We’ve all heard of it. Maybe we've all even felt like we’ve been there. But just so we’re all on the same page... The Friend Zone is not real.
For those of you who don’t know, The Friend Zone is a metaphorical place that people feel exiled to when their advances towards a relationship status with a specific person are rejected. Let’s face it, it’s no fun being rejected by someone you’ve set your sights on. This is an obvious and unfortunate reality of life. It causes our individual security to waver when we question why someone doesn’t like us back, but instead of letting any sense of self confidence absorb and process our rejection for us, we rationalize it by placing ourselves in the mythical Friend Zone. It’s comforting, in a way, because it places blame on the person who has placed their rejections on us.
But here’s the thing:
Stating that someone has categorized you into The Friend Zone implies that there’s some obligation for them to fall in love with you in the first place.
And just in case you haven’t realized it... there’s not.
I’m sure it happens with any sex, orientation, etc., but based on my personal experiences, I’ve seen it a lot with guys. There’s this whole social stigma that “nice guys” are always exiled to the friend zone, and, in turn, that girls don’t value how well “nice guys” treat them. So am I, as a girl, obligated to fall in love with someone just because they’re nice to me? Just because they treat me the way human beings should already be treating one another? Nope.

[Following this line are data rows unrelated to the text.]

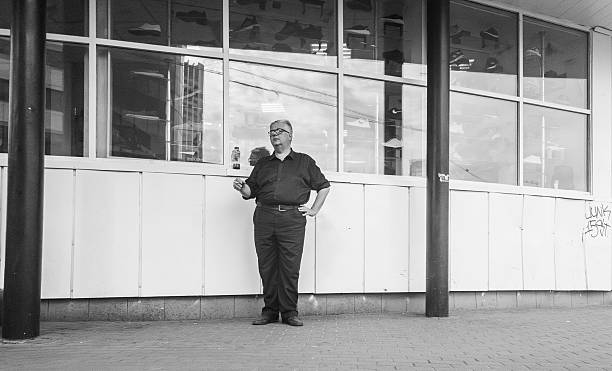 Kyiv, Ukraine - 20th July,2025: Middle-aged male employee smoking a cigarette during his work break, standing outside the shoe store where he works, in black and white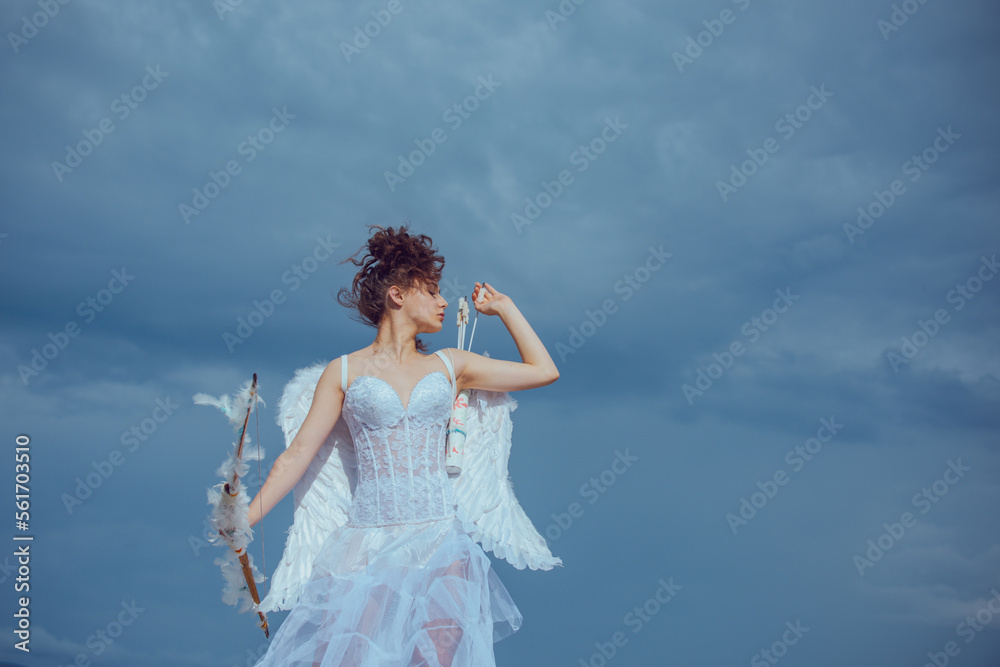 Cute teen cupid, valentine day with bow arrow shooting. Teenager angel with angels wings.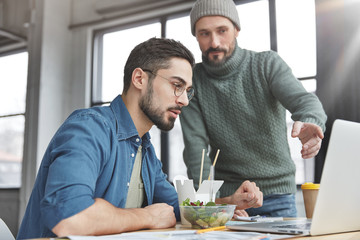 Photo of male colleagues generate innovative ideas for creating new startup, collaborate during working process, have snack. Unshaven stylish male demonstrates his work to business partner, ask advice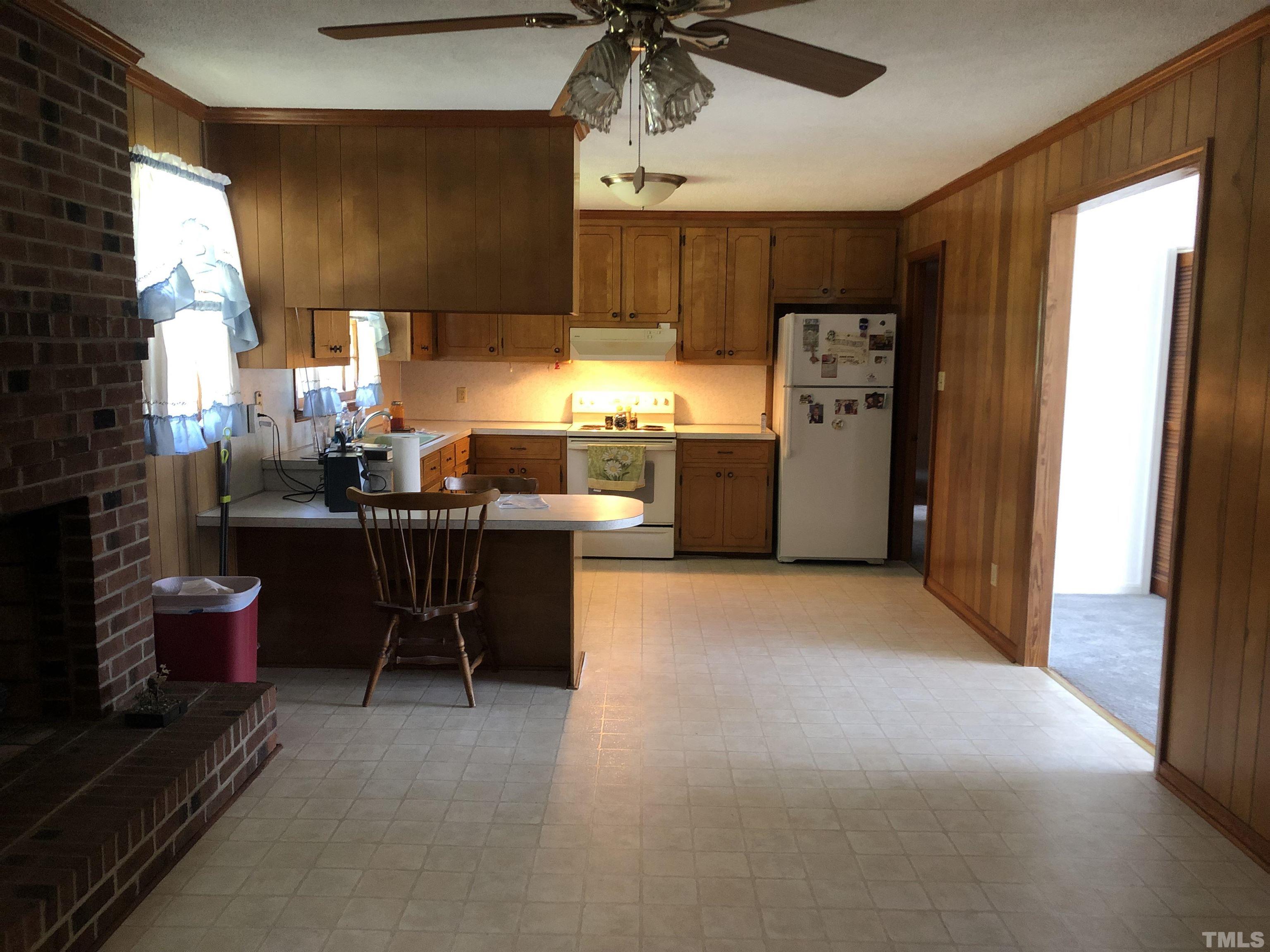 927 Junction Road Durham, NC 27704 - Photo 20 of 22 a kitchen with refrigerator and chairs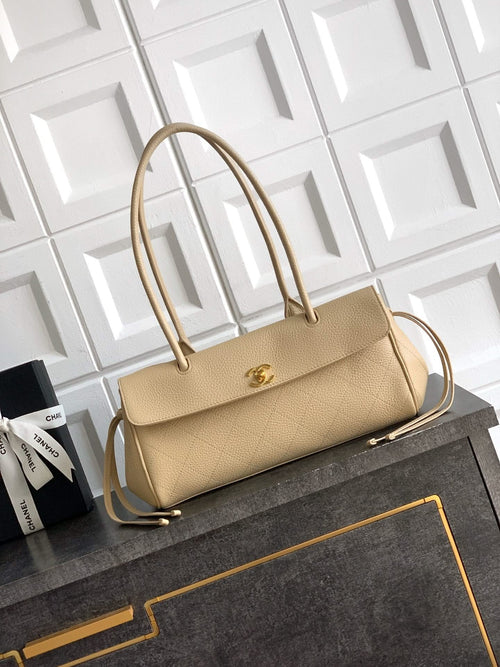 Beige Chanel leather handbag with top handles, gold-tone clasp and shoulder strap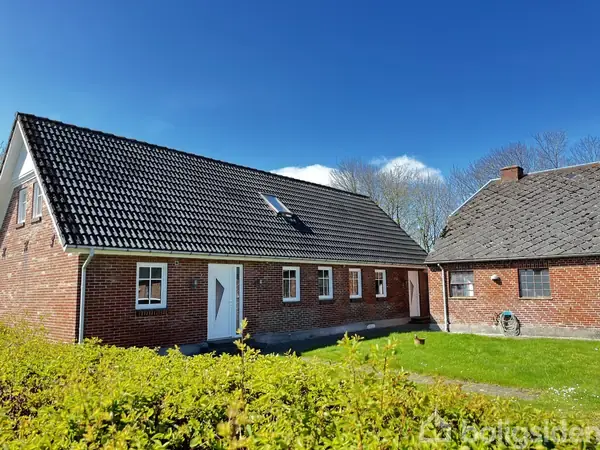 Et rødt murstenshus med sort tegltag står i en grøn have. En anden mindre bygning ses til højre. Himlen er blå med spredte hvide skyer.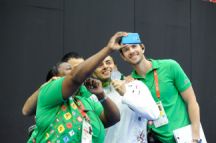 Volunteers take a selfie with zorkhana silver medallist Khayyam Orujov of Azerbaijan, 21 May. Photo: Eldar Farzaliyev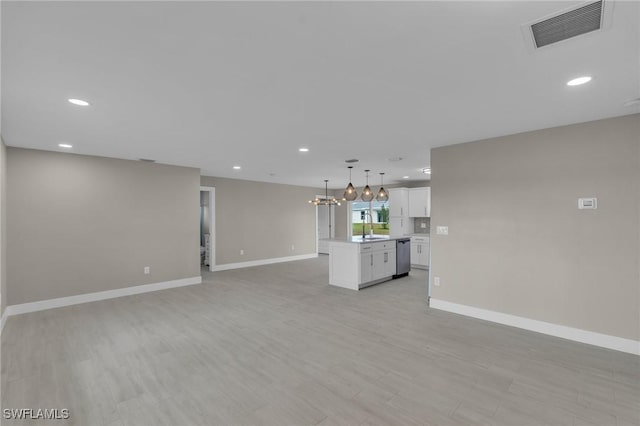 unfurnished living room with sink and light wood-type flooring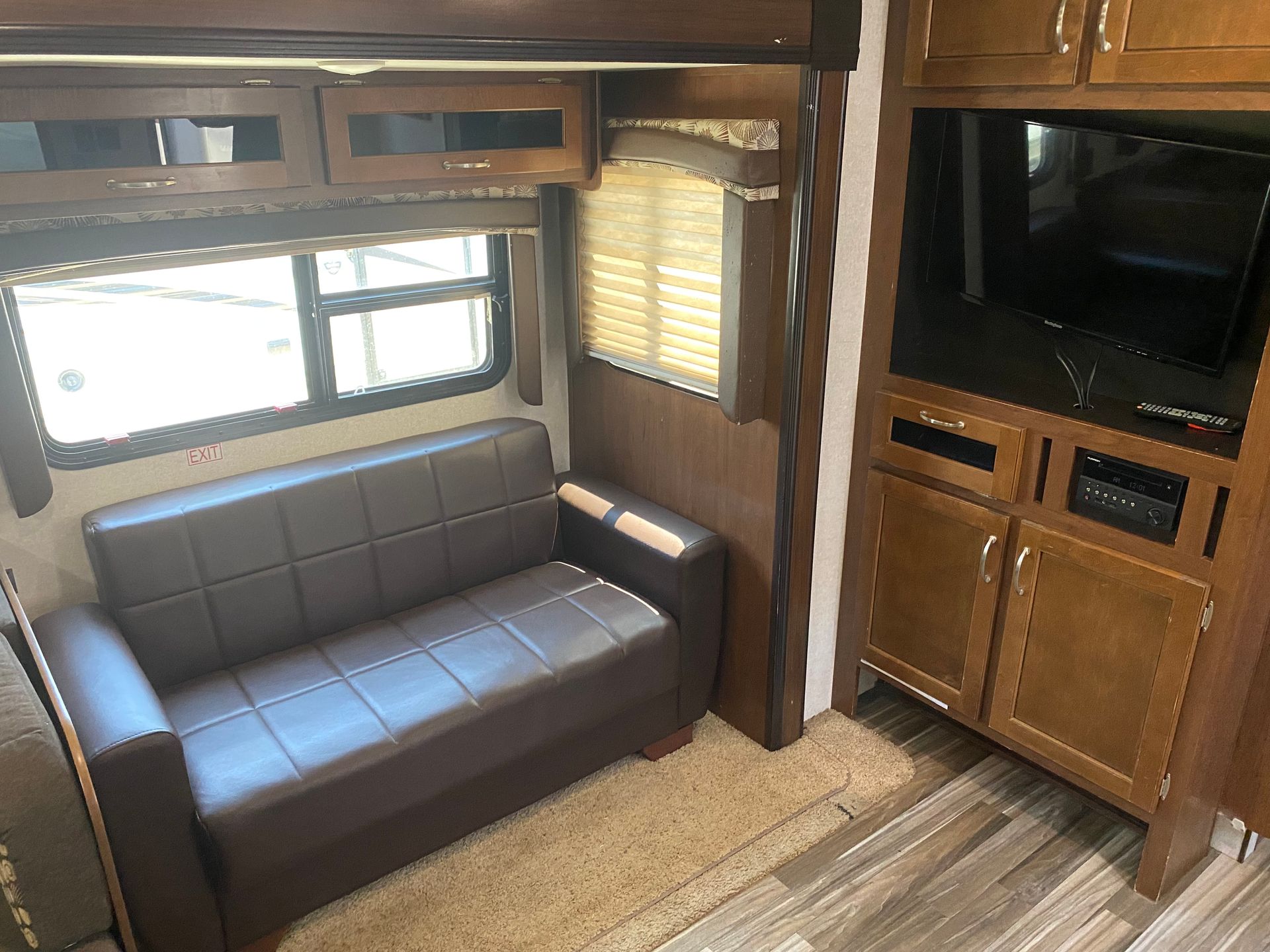 There is a couch in the middle of the room in a rv.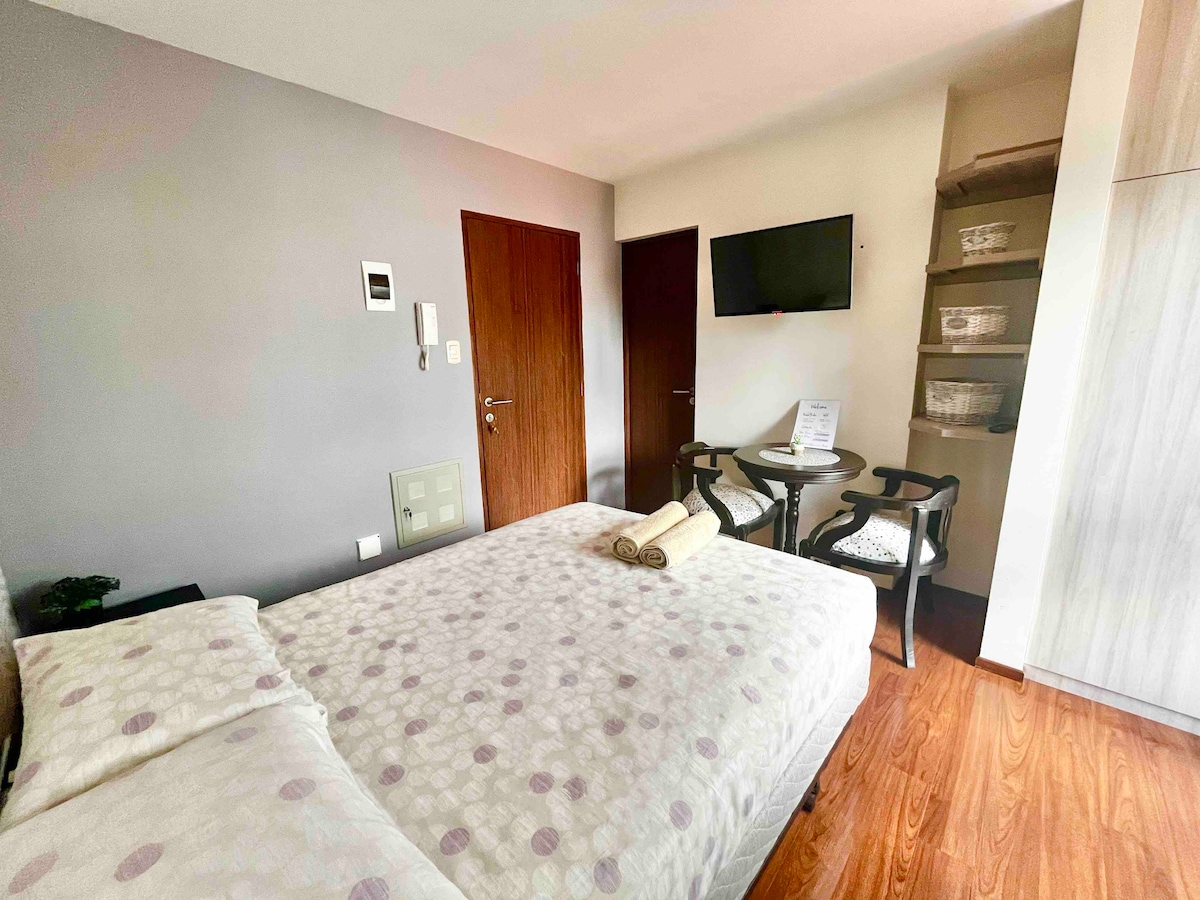 A cozy bedroom is equipped with a spacious bed featuring a patterned comforter. A small table with two chairs is positioned beside it. A wall-mounted television is visible, and storage shelves are seen in the corner, providing practical space for belongings.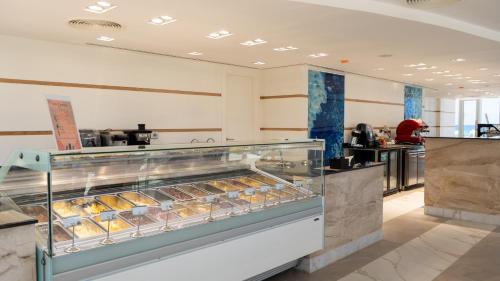 a bakery with a display case filled with pastries at Cleopatra Sidi Heneish in Marsa Matruh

That ideology would imply that girls can be easily manipulated into giving up the best and most valuable parts of themselves. Thinking that way depicts girls to be more machine- or game-like than what they actually are: humans. It’s not like the first guy to break into level two of friendship gets to take her on a date, and the first one to score 150 points gets into bed with her. There’s such a thing as attraction that doesn’t develop with gifts and compliments.
Sadly, people can’t help who or what characteristics they’re attracted to. It’s easy to forget that we are living, breathing mammals, and that’s a whole mixture of fancy psychology and biology that we have no control over. And while it would be nice to discover a mutual attraction with someone who prioritizes treating you well, if you don’t feel it, you just don’t. No one thinks, “Sorry, you’re being sent to The Friend Zone now because you’re just too nice to me and I can’t handle all this positivity.” Let’s be real. It’s either there, or it’s not.
Attraction is not something you can blame someone for. Especially not yourself. You’re not Friend Zoned because of your weight, hair, skin or dorky laugh. It’s not you and it’s not the person that put you there. It just is what is it is, even if it sucks.